If done sincerely and consistently, my practice destroys my preferences and replaces them with what the world and I need most. I have practiced meditation for more than 30 years. It is doing what it promised, transforming my life, slowly but surely. And its work isn't done. As my teacher Sri Shambhavananda said in a recent interview, "I feel like I've come a million miles, and I still have a million to go." A spiritual practice is only as effective as the fruit it bears in your life. For a chronic overreactor, consistent practice has slowed my reaction time. I am more deliberate about what I say and do and allow myself to think. I am less concerned about being right and more with doing right. I'm more apt to put my ego in timeout like the demanding child it is.
A spiritual practice with meditation at the center is about practicing daily, whether you're sitting on a cushion, interacting with your family, friends and co-workers, and standing in line at the supermarket. It's about putting the virtues meditation reveals into practice. In the yoga classes I teach I speak about the value of using pranayama to circulate all the good stuff you glean during the course of an asana practice. The same is true of a meditation practice. It's of no use to anyone to keep all the good stuff to myself. I share, probably less than I might, with an eye toward giving more.
Young Central Americans traveling north on train top
Jewish kids traveling to England by Kindertransport during World War II
When news broke of the Central American kids showing up at the U.S.' southern border, I thought immediately of a friend's mother, who escaped Nazi Germany at age six with her slightly older sister and younger brother. Their parents had seen the certainty of their family's persecution and decided to give their kids a chance to survive. Several European countries passed on taking them in. Eventually they got on a ship in northern Africa headed for the United States. All three lived to old age, because people in New York state agreed to take in three children fleeing from violence and certain death. Their parents' assessment of the political situation was correct. They died, likely in a Nazi death camp, along with a younger son.

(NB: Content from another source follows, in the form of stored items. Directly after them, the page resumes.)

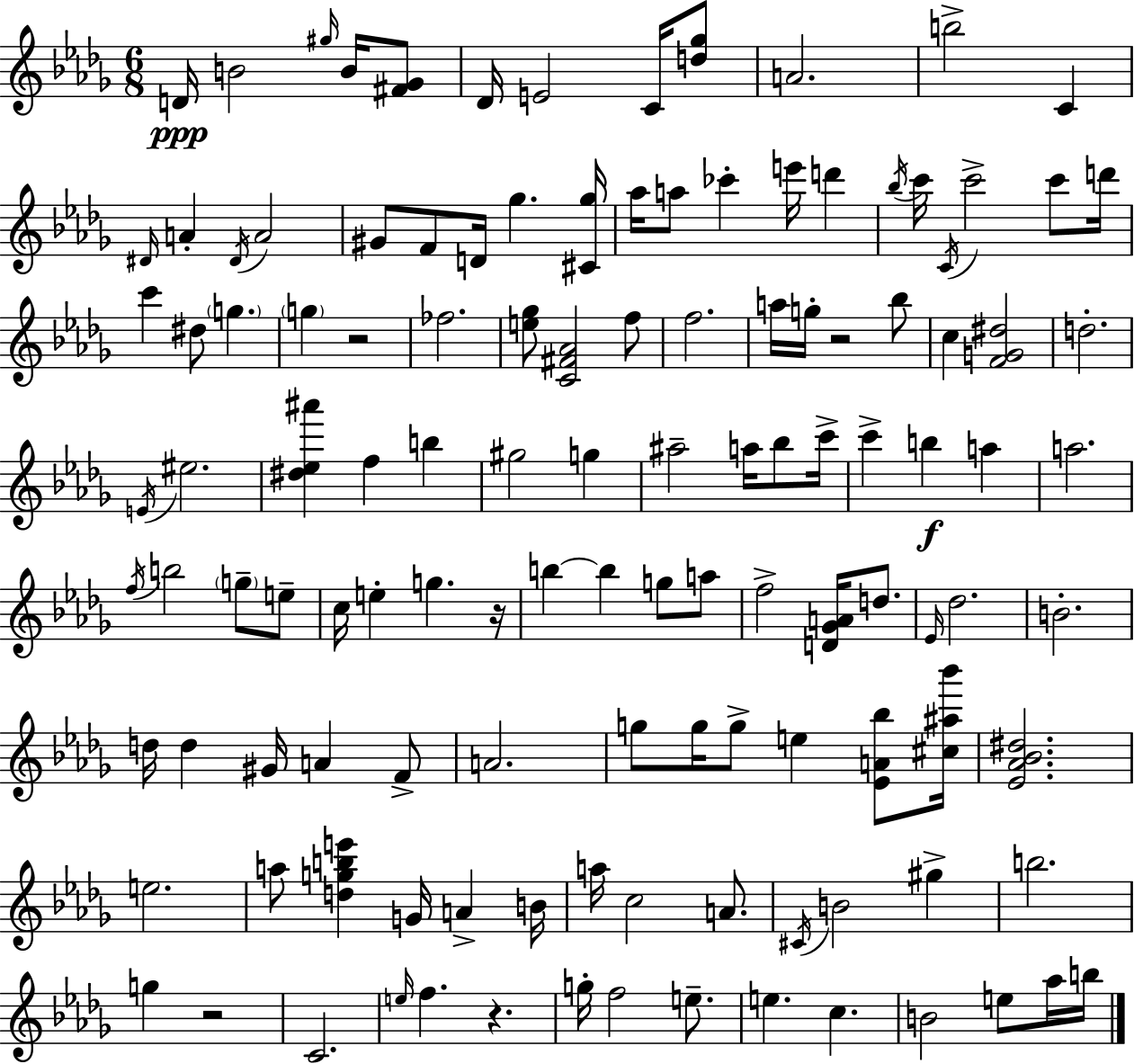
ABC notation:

X:1
T:Untitled
M:6/8
L:1/4
K:Bbm
D/4 B2 ^g/4 B/4 [^F_G]/2 _D/4 E2 C/4 [d_g]/2 A2 b2 C ^D/4 A ^D/4 A2 ^G/2 F/2 D/4 _g [^C_g]/4 _a/4 a/2 _c' e'/4 d' _b/4 c'/4 C/4 c'2 c'/2 d'/4 c' ^d/2 g g z2 _f2 [e_g]/2 [C^F_A]2 f/2 f2 a/4 g/4 z2 _b/2 c [FG^d]2 d2 E/4 ^e2 [^d_e^a'] f b ^g2 g ^a2 a/4 _b/2 c'/4 c' b a a2 f/4 b2 g/2 e/2 c/4 e g z/4 b b g/2 a/2 f2 [D_GA]/4 d/2 _E/4 _d2 B2 d/4 d ^G/4 A F/2 A2 g/2 g/4 g/2 e [_EA_b]/2 [^c^a_b']/4 [_E_A_B^d]2 e2 a/2 [dgbe'] G/4 A B/4 a/4 c2 A/2 ^C/4 B2 ^g b2 g z2 C2 e/4 f z g/4 f2 e/2 e c B2 e/2 _a/4 b/4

The kids from Central America are facing similarly bleak odds, as the drug cartels who de facto run these countries are recruiting elementary school-aged children to deliver and sell drugs and to do other criminal activities. It's horrifying to put myself in the place of their parents, many of whom are living in the U.S. without legal immigration documentation. They left their kids behind with grandparents and other relatives, hoping to provide from afar a better life for their kids. These parents have assessed the deteriorating political situation in their home countries and scraped together enough money to send their kids north. Having made their own way north via coyotes, likely enduring egregious indignities, these parents clearly decided that their kids stood a better chance with human smugglers than staying in their home countries.

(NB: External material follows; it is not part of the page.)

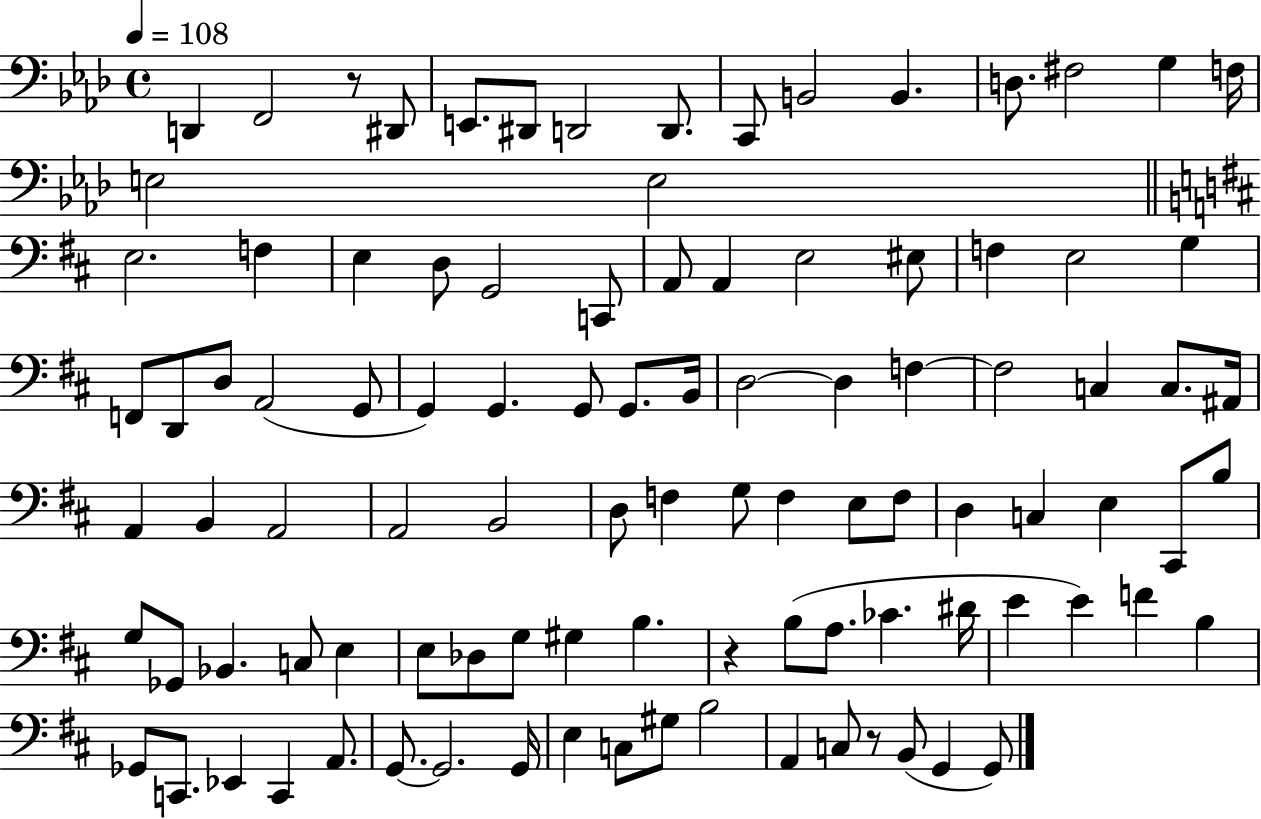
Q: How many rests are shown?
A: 3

Surely even the hardest-line anti-immigration supporter would be hard-pressed to ignore these childrens' plights. It turns out, they can. There have been ugly protests along the border as some of the kids were transported by bus to detention centers. Aided and abetted by elected U.S. officials and demagogues posing as journalists, anti-immigration protesters have greeted busloads of these kids with angry faces, chants and signs.
"They have to come here through legal channels," a neighbor told me on the Fourth of July. Uh-huh. Such high-minded rhetoric ignores the reality that these kids are living in war zones. If my friend's mom and siblings had waited to go into other countries legally, they likely wouldn't have survived.
People who otherwise call themselves Christians are demanding that the Central American kids be deported immediately. They came here illegally, so they don't deserve the benefit of American due process. I get the logic here. But the question is, how do these people square their mercilessness with their Christian beliefs?
I don't know the answer to this question, because I struggle with it myself. This situation is very complicated. Clearly something needs to be done, and quickly. Immediate deportation is not the answer, as many of these kids say they will return to the U.S.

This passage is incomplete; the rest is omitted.